# $3000 b6



## snickle (Dec 11, 2011)

Is it just me, or is this a little overpriced?

http://www.ebay.com/itm/Vintage-194...418?pt=LH_DefaultDomain_0&hash=item519c35a94a


----------



## irene_crystal (Dec 11, 2011)

Check out his other items... ALL of his stuff is priced pretty optimistically.


----------



## StevieZ (Dec 11, 2011)

I agree. he has some nice stuff. But its a little on the high side LOL


----------



## Wayne Adam (Dec 11, 2011)

*Way over priced.*

I have been watching this guys auctions the past couple of weeks, and almost all of his bikes are way over priced. 
Just my opinion................Wayne


----------



## VintageSchwinn.com (Dec 11, 2011)

Well, I don't think he's getting those crazy prices, look through his feedback, hasn't sold a single prewar or balloon tire bike yet.


----------



## Freqman1 (Dec 11, 2011)

...and this kids is what happens when you do drugs. It alters your perception of reality....


----------



## twjensen (Dec 11, 2011)

*bbc bikes,*

Ya, I have emailed/called this vendor and made him a very resonable offer on one of his bikes, just one, as most of what I see is pieced together junk. He insulted me and hung up.
Looking at todays market, (holidays approching), folks are kinda holding on to funds, except vintage bike nuts, Looks like  he lists 1/3 or more what the market would bear for nice condition bikes, which in his fleet is few.
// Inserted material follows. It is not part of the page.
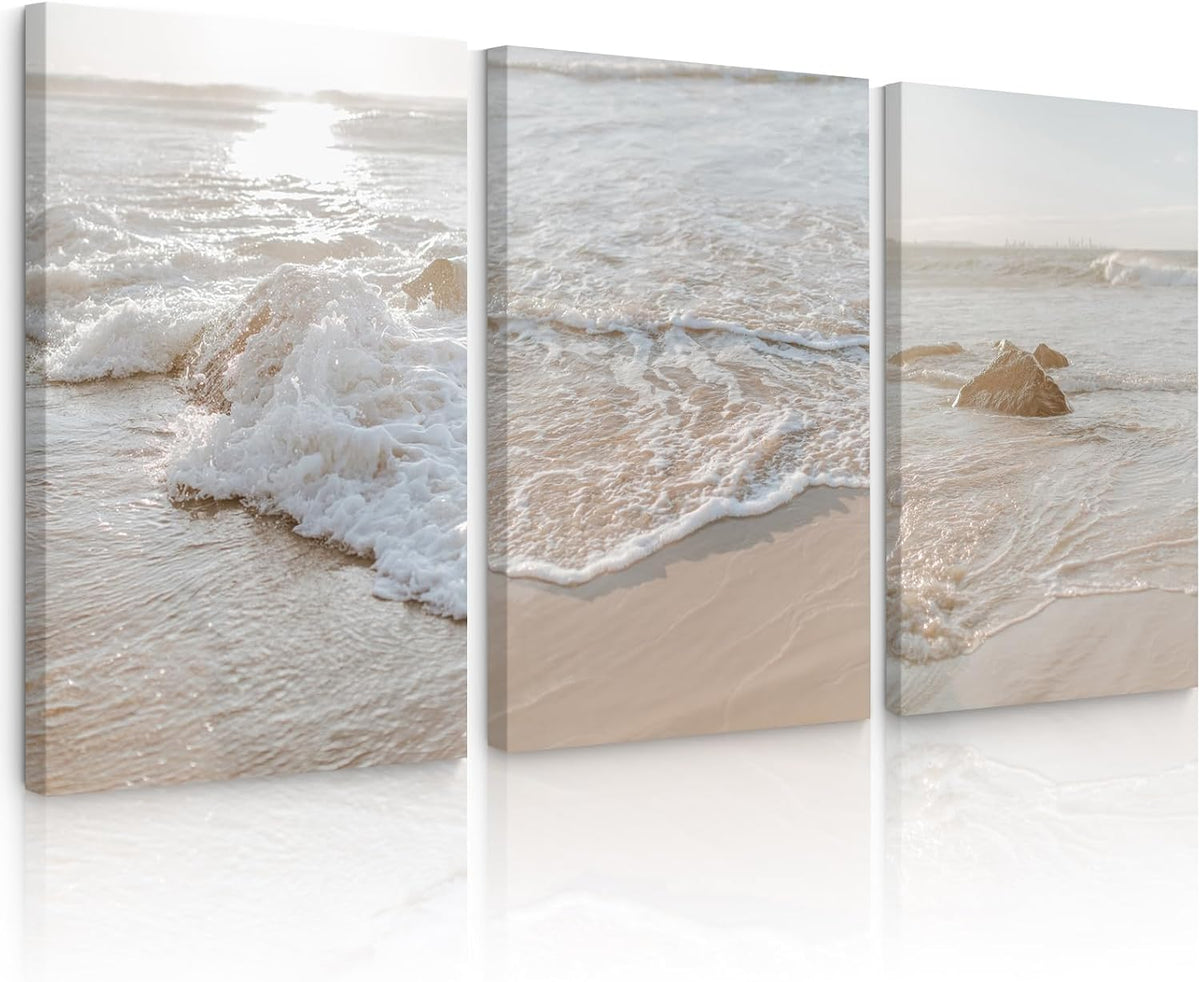 Three vertical canvas panels showing a sandy shore with foamy waves, displayed side-by-side.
He is pretty proud of his stuff, ..Just my humble opion..


----------



## WiscoMike (Dec 11, 2011)

*bbc bikes- fun*

Ya, he is way over market value on every single collector bicycle he has in inventory.  I've been to the shops before and he has mega inventory, but a lot of it has seen better days, pieced together or far worse.  I called the shop as well a few times to see what the deal was, I spoke with the actual gentlemen in charge of listing all the ebay items, he was very pleasent but is pretty much at the mercy of the owner/collector of the stash who is "holding out for the market to rebound" or something of the sort.  He hasn't sold any of the high price bicycles since they've been posting on ebay, which confuses me as to why he wouldn't consider incremently chopping the prices down but hey to each his own I guess.  It's too bad the owner won't negotiate prices and is rather harsh if you even discuss "true" values, but I don't think they depend on the ebay sales as a bulk of their business, more of the buy/resell to the local kids in the college town...  I could go on for hours about the listed items and prices but what's the point...


----------



## bobcycles (Dec 11, 2011)

*worth it?*

Well it's good to see BCB bikes selling something better than a stripped down cleveland welding 50's junker for 3K.  But this guy is still smoking something strong.  It's Budget Bicycle in Madison.  Sort of a Bike Shop Monopoly in Madison Wisconsin.  15 years ago or so he was actually reality based on his prices.  Check his other listings...most of it makes no sense  $-wise at all.  yeah, and it's "budget" bicycle centers.....LOL!


----------



## SJ_BIKER (Dec 12, 2011)

*sEEMS TOO worn to get 3000.00 but lets not kid ourselves*

I remember some e pay freak about a decade ago calling himself an "Advanced Collector"...what ever that means....He said that my 1949 complete Schwinn marroon b6 was worth 500.00 at best in 2000.  Then he asked me if i was selling it...i was a 25 year old snot nosed kid to him i assume.  I knew it was worth more than that.  Too each his own i say.  If the owner thinks he can shake a lump of change off a buyer from this b6 all power to him...and if it does sell it for 3000.00 ...guess what people will be doing shortly after that??  Thats right...selling their b6 bikes or reffering to the 3000.00 b6 that sold on epay...its a viscious cycle yall.


----------